Northampton and Leeds in a mess; using taxpayers money, the role of the local MP; the hopelessness of the League.

by Tony Attwood

Why is it that football clubs make such easy pickings for criminals?  We’ve often noted clubs from Portsmouth to Rangers and the way they have been destroyed from within and you might wonder if the Football League and Scottish League shouldn’t by now be alert to the tricks that crooks play within football.   But no, it still goes on and on.

Indeed we’ve even followed the progress of the injunction seeking hedge fund that thought it would be amusing to play with Coventry.  But still it goes on, and there are still no robust regulations in place to stop this happening.

Worse, as a taxpayer in Northamptonshire I now find some of the hard earned cash of some of my friends who live in Northampton has been used to fund the antics of a crook or two.

Rather late in the day the local police force has woken up and launched a criminal investigation into Northampton Town FC and its financial affairs.  The problem, and the reason my friends paid for a bit of it was that the local council made a £10.25m loan for a new stand at the ground.
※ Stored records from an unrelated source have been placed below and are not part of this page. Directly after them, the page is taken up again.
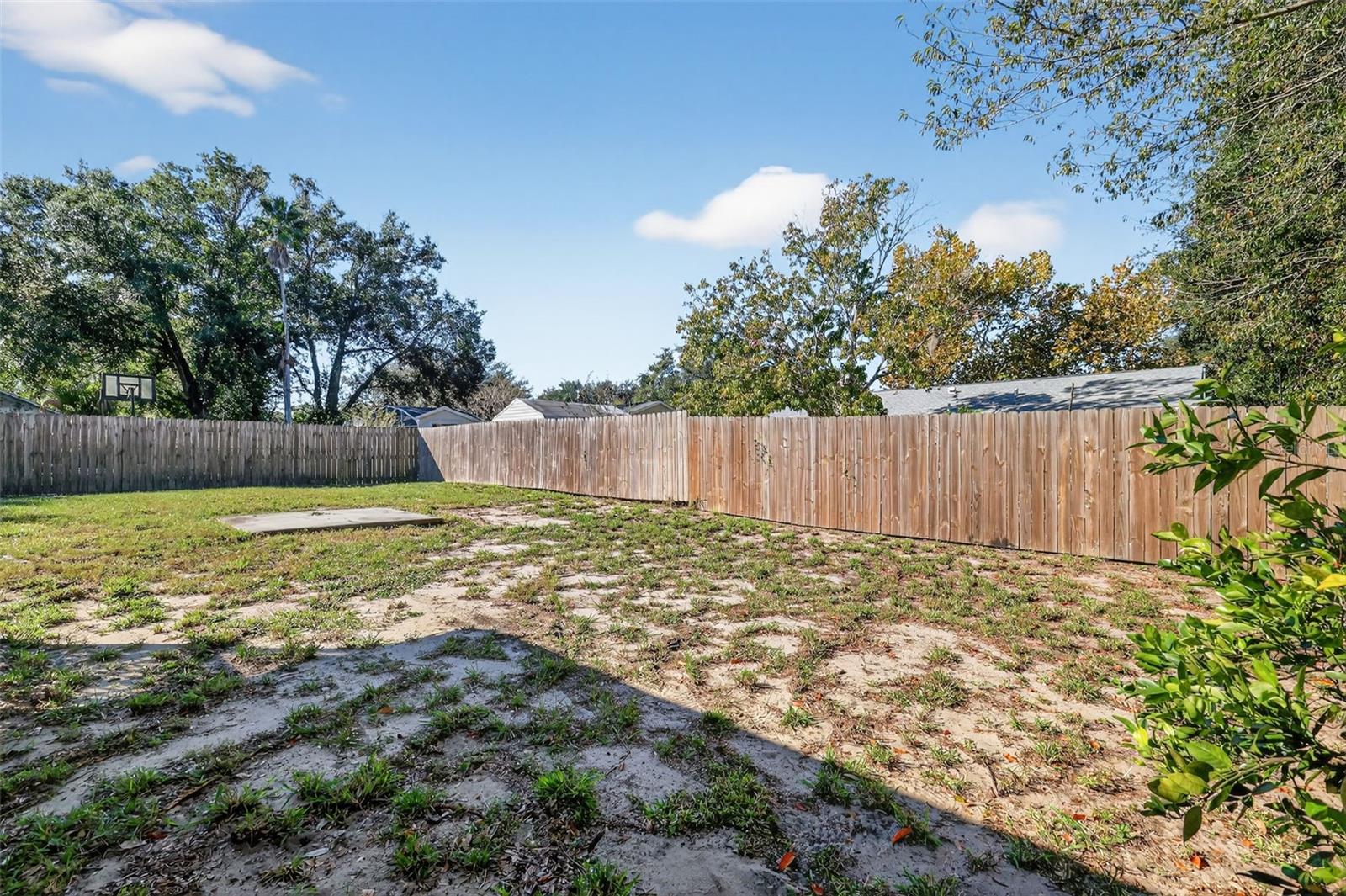 Image 8 of 37 For 300 Cricket Hollow Lane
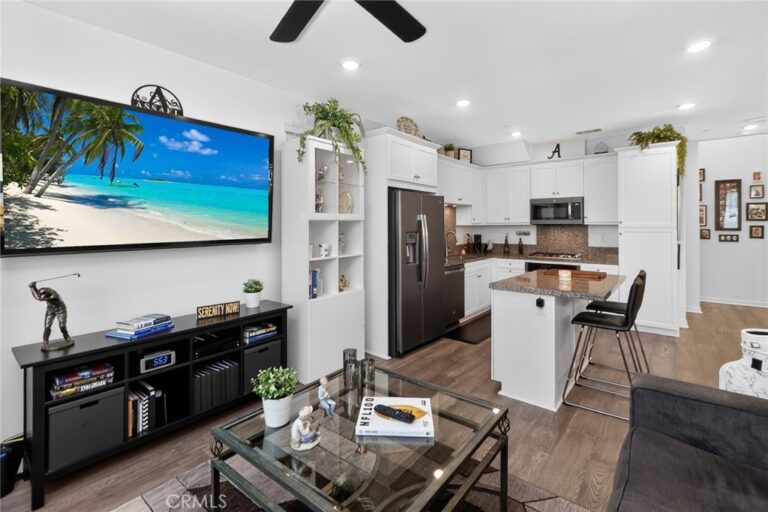 2224 Peach Court, Upland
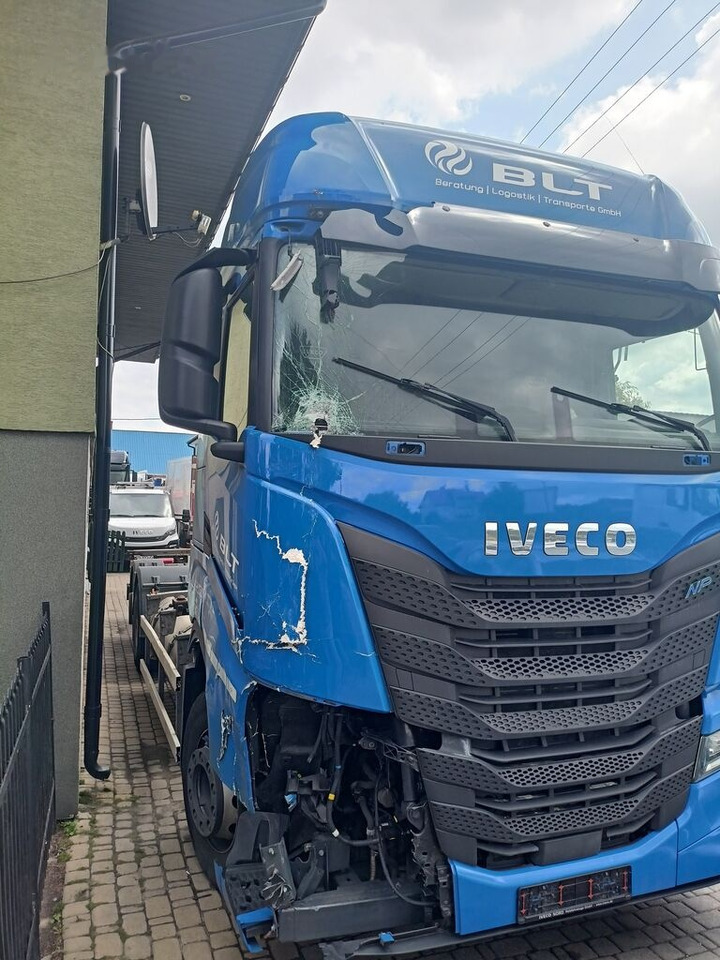 IVECO 26460 - Container transporter/ Swap body truck: picture 3 IVECO 26460 - Container transporter/ Swap body truck: picture 3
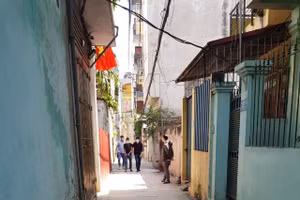 Lực lượng chức năng tạm giữ nghi phạm.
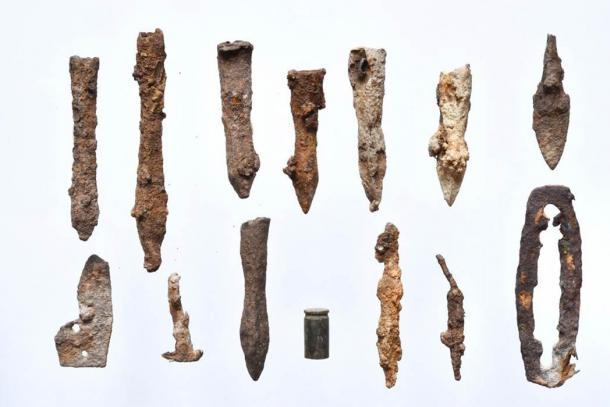 Arrowheads and crossbow bolts recently found at the ancient battlefield in Poland. (PAP Foundation)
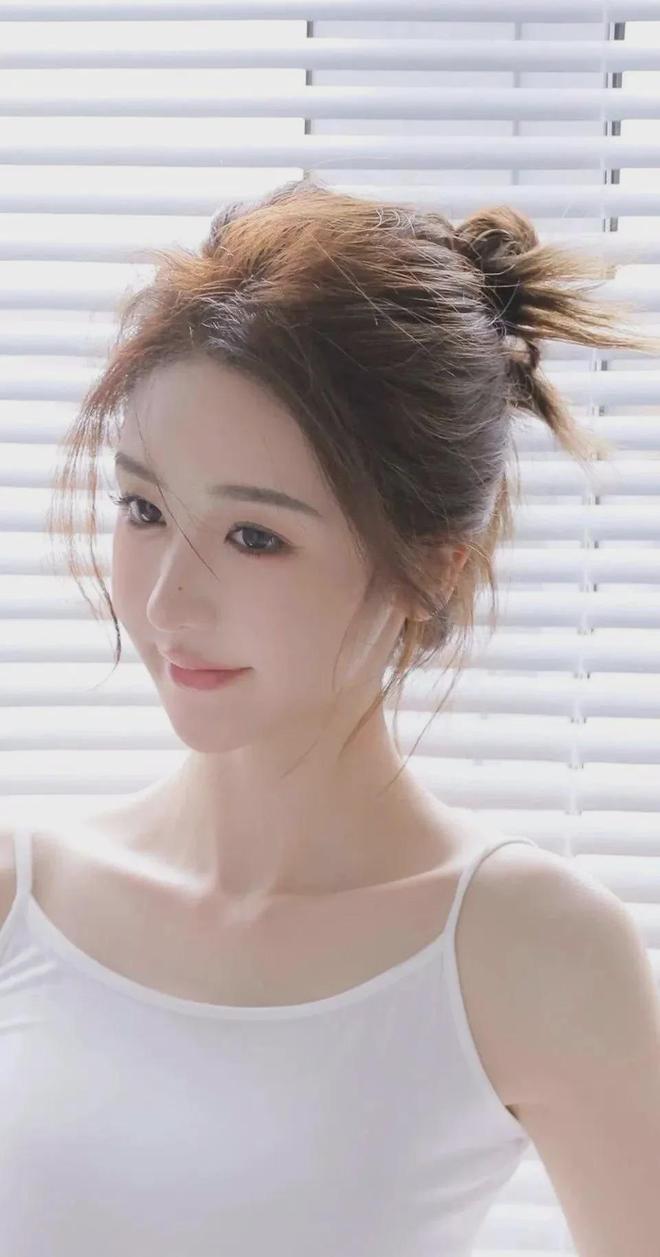 售的秘密》中文OG真人《女销(图1)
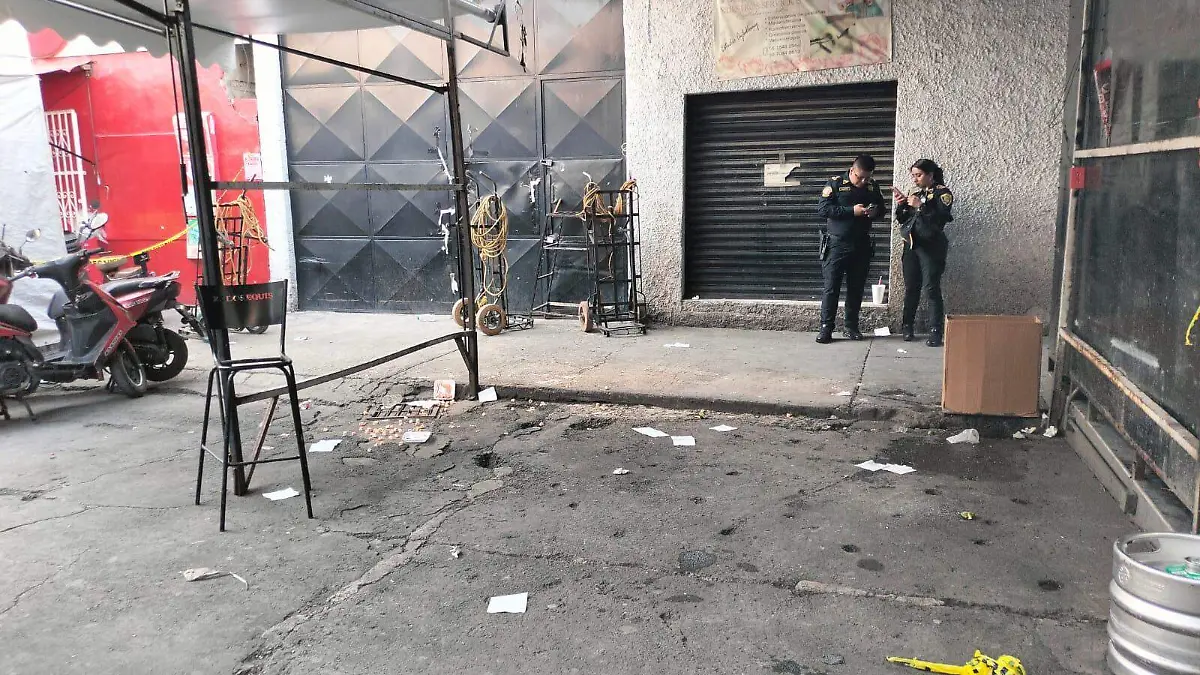 Ejecutan a sujeto y balean a dos mujeres en una chelería de Tepito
The Sixfields Stadium was built from scratch in 1994, so it is only 21 years old, which is a very short lifespan for a stand.  What’s more there is nothing wrong with the ground.  They don’t need more places.  The ground has 7600 capacity.  Last season the average was 4599.

So £10.25m has gone missing and as noted earlier on Untold, the players were not paid in October and November, there is a winding-up petition served by Revenue & Customs and the council has applied to put the club into administration.  Here’s the missing stand – it used to be complete and have people in it on match days.

Everyone denies any wrongdoing and each person involved says they have explanations for what has happened to the money. They are just not telling us.

But then it got a bit spicy, as police investigating what happened to the £10.25m were asked to widen the investigation to include payments made to the Conservative party constituency office of the council’s former leader, David Mackintosh, now the MP for Northampton South.    Howard Grossman, the property developer whose company, 1st Land Ltd (now wound up) failed to complete the stand at Sixfields having had the council loan, paid £6,195 in November for tickets to a general election fundraising dinner for Mackintosh.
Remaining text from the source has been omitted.